# Nook Miles furniture colors partly based off of your airport color



## DJStarstryker (May 21, 2020)

Found this on Reddit and it seems very accurate/probably correct. Looks like your airport color determines SOME of your Nook Miles furniture colors (streetlamp, utility pole, snack machine, park clock, solar panel, wind turbine, monster statue, and teacup ride). The rest of the Nook Miles furniture colors are random, but they are based on groupings. So, for example, if you get the pink drink machine, you'll always have the yellow lighthouse too.

I now feel much better about my yellow airport. Thanks to it, I get some colors I like a lot.


----------



## Jam86 (May 21, 2020)

me and my sister were talking about this earlier and i'm so glad i got yellow and not a blue airport lol


----------



## Edge (May 21, 2020)

It holds true to my orange airport as well. Neat find, thanks for sharing.


----------



## Bioness (May 21, 2020)

I guess it was a good thing I never reset to change my green airport haha.

As someone in the Reddit thread points out, the game may do something similar with the items in Nook's Cranny.


----------



## fairyring (May 21, 2020)

omg i wasn’t a huge fan of my green airport but now that i see it got me my pretty pastel teacups i am so thankful for it


----------



## DJStarstryker (May 21, 2020)

Bioness said:


> I guess it was a good thing I never reset to change my green airport haha.
> 
> As someone in the Reddit thread points out, the game may do something similar with the items in Nook's Cranny.



It probably does. It'll be interesting to see in the long term what those are, whenever someone figures that out.


----------



## sunchild (May 21, 2020)

ah this makes sense! as someone with a yellow airport, i like the colors of all my linked nook miles items.. although i wouldn't mind having white streetlamps.


----------



## Aliya (May 21, 2020)

This makes a lot of sense! I have had the blue airport on two islands now and all of my variants are the same as the ones listed in the pictures for both islands. My other variants that aren't included with the blue airport are also all in the same group. Definitely going to reference this!


----------



## Lurrdoc (May 21, 2020)

I lowkey noticed this from the threads where people were trading nook mile items for other variations. Some had the same exact as me and I couldn't offer anything up. This definitely reinforces that.
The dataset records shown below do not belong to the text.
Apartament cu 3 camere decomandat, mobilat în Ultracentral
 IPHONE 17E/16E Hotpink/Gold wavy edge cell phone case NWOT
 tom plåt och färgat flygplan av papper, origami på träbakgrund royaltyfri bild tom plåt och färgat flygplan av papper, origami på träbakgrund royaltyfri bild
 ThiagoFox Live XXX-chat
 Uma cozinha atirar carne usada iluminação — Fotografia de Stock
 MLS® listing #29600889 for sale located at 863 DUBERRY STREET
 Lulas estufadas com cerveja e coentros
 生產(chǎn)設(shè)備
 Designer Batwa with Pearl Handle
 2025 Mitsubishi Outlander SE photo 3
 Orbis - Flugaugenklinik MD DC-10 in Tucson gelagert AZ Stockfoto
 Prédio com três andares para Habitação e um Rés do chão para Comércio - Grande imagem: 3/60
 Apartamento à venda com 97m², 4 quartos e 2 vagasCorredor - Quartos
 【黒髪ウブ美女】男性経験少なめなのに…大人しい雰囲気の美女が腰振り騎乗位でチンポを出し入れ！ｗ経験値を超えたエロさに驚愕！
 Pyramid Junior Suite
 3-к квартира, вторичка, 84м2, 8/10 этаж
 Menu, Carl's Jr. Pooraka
Neato.


----------



## Applebunny (May 21, 2020)

Thanks to this I'm now aware there's no pink snack machine so I can stop looking for it. :')

I'm happy with my yellow airport too, and I got my favorite for the second grouping of items.


----------



## Shinjukuwu (May 21, 2020)

Wow, that's really interesting, my airport is blue and yep, I have all those items, as well as the other items being paired correctly with what I have. Very cool!


----------



## usukifrenzy (May 21, 2020)

Didn't really care much for the colour of my airport but this is so interesting! I'm slightly disappointed in some of my Nook Miles furniture colours 

I really wished they'd switch up some of the other group's furniture items in the catalogue


----------



## baobei (May 21, 2020)

just saw this earlier too and it holds true to my orange airport! i greatly disliked the orange but now that i see it provided me with white streetlamps i change my mind lol


----------



## ZekkoXCX (May 21, 2020)

as someone with an orange/red airport , this is true.

damn , i kinda wish i could have got a blue airport ;;


----------



## Asarena (May 21, 2020)

I saw this earlier, and it's accurate for the colors/variations I have~


----------



## Sander (May 21, 2020)

I'm glad I never resetted for the black streetlamps although I was thinking about it, because I'd always skip the green airport in my resets.
Thanks for posting!


----------



## DinoTown (May 21, 2020)

Man now I wish I hadn't been so picky about having a green airport lol


----------



## Altarium (May 21, 2020)

Oooooh interesting! It's definitely true, I have all the items listed under green. I kinda feel like blue airport got the short end of the stick here, lol


----------



## Fye (May 21, 2020)

This is spot on! And it doesn't depend on the airport color according to this graphic, but my green public seats match my airport and I thought that was pretty cool (not that I ever use them haha)


----------



## trashpedia (May 21, 2020)

Yep, definitely accurate in my case as I have the yellow airport. I would like white street lamps but I wouldn’t like my airport to be red though.


----------



## Arithmophobia17 (May 21, 2020)

I never really cared about airport color, but it seems my yellow airport really blessed me lol. Althought i could really do away with my red play structure (i don't remember what it's called lol), it's my least favorite variant of it


----------



## Uffe (May 21, 2020)

Since this is a topic, I've been meaning to ask something. If someone ordered a blue telephone booth and allowed me to pick it up on their island, would I then be able to go to my Nook Mile catalog and order the telephone booth in a blue color?


----------



## ayeeprill (May 21, 2020)

Oh man so glad I got a blue airport. definitely the best group in my opinion.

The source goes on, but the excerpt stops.